Exercise goal: Transcribe the records word for word, beginning with the first line and ending with the line that contains "À vendre: Villa"; include nothing else.

(Saved data entries)
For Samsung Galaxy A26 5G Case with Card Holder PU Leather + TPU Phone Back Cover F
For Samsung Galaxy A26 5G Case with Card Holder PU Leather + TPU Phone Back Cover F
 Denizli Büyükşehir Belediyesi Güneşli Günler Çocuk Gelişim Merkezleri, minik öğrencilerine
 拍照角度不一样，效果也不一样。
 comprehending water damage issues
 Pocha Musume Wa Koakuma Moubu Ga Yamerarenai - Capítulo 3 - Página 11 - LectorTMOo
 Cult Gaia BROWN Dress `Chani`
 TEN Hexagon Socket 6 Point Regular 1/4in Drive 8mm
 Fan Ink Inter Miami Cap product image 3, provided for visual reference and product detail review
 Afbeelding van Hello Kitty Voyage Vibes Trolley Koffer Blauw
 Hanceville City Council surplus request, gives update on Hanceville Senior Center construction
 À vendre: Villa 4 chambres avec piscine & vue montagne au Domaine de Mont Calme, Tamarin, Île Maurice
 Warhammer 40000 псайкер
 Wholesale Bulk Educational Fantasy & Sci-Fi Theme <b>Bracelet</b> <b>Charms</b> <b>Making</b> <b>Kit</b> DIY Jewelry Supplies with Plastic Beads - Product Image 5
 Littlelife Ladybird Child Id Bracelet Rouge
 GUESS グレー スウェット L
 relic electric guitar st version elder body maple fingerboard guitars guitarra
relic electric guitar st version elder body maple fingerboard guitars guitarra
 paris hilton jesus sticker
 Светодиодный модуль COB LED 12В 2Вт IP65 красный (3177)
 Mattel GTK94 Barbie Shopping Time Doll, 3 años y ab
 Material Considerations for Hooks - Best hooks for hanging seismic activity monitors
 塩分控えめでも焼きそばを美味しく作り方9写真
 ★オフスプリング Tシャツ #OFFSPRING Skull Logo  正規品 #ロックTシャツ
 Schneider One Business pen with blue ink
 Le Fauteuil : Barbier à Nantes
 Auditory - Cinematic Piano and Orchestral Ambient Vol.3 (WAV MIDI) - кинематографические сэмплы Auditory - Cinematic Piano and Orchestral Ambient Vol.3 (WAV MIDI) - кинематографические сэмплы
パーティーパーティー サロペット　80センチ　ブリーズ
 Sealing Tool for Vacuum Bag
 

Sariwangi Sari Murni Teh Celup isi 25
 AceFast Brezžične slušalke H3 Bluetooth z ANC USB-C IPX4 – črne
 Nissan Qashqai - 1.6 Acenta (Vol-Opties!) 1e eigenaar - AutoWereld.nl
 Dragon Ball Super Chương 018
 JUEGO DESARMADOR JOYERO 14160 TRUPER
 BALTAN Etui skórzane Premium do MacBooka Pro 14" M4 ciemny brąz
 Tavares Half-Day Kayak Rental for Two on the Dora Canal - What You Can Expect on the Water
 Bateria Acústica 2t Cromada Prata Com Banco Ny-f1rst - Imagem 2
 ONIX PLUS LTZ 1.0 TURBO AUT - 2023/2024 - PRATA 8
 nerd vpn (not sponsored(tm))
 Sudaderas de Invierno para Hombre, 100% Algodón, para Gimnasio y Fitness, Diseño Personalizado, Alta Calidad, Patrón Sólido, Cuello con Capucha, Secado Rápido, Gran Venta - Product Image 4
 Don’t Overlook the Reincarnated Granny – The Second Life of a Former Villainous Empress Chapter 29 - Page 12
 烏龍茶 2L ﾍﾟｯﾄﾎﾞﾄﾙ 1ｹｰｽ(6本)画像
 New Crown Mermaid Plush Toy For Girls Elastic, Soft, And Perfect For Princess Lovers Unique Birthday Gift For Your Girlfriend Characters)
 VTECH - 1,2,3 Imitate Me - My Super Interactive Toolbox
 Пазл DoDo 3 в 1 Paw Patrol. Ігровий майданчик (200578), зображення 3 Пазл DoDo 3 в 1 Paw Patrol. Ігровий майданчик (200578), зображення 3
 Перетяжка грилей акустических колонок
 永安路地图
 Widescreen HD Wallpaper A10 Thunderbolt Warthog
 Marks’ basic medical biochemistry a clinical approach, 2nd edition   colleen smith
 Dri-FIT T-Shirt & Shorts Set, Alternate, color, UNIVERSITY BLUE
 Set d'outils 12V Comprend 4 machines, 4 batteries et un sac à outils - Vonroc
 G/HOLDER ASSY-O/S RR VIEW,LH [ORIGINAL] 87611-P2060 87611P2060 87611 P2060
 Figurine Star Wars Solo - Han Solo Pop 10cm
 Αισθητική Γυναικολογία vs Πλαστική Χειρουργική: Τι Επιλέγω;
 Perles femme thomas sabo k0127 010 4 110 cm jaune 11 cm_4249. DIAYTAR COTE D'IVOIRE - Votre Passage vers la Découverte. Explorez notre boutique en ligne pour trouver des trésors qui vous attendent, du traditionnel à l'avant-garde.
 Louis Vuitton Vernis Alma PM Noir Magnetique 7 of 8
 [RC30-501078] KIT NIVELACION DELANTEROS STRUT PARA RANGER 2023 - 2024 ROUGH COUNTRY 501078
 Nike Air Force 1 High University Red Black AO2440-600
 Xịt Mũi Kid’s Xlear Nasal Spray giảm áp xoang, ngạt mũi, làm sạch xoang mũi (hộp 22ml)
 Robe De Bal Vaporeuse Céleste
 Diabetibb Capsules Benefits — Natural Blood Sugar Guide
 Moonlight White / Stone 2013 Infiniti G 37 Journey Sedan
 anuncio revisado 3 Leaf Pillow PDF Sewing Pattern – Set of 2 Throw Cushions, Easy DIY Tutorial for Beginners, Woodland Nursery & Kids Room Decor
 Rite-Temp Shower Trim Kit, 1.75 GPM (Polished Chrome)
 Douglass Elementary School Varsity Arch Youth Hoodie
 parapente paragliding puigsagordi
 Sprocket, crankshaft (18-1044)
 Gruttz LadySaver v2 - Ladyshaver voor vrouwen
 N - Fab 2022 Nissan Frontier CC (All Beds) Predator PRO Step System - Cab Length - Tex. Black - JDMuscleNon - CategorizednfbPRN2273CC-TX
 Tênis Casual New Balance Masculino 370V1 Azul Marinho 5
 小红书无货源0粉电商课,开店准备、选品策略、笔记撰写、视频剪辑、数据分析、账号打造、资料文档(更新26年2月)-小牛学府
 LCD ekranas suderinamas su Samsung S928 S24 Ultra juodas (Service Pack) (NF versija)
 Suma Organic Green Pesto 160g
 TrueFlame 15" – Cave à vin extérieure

Response box:
For Samsung Galaxy A26 5G Case with Card Holder PU Leather + TPU Phone Back Cover F
For Samsung Galaxy A26 5G Case with Card Holder PU Leather + TPU Phone Back Cover F
 Denizli Büyükşehir Belediyesi Güneşli Günler Çocuk Gelişim Merkezleri, minik öğrencilerine
 拍照角度不一样，效果也不一样。
 comprehending water damage issues
 Pocha Musume Wa Koakuma Moubu Ga Yamerarenai - Capítulo 3 - Página 11 - LectorTMOo
 Cult Gaia BROWN Dress `Chani`
 TEN Hexagon Socket 6 Point Regular 1/4in Drive 8mm
 Fan Ink Inter Miami Cap product image 3, provided for visual reference and product detail review
 Afbeelding van Hello Kitty Voyage Vibes Trolley Koffer Blauw
 Hanceville City Council surplus request, gives update on Hanceville Senior Center construction
 À vendre: Villa 4 chambres avec piscine & vue montagne au Domaine de Mont Calme, Tamarin, Île Maurice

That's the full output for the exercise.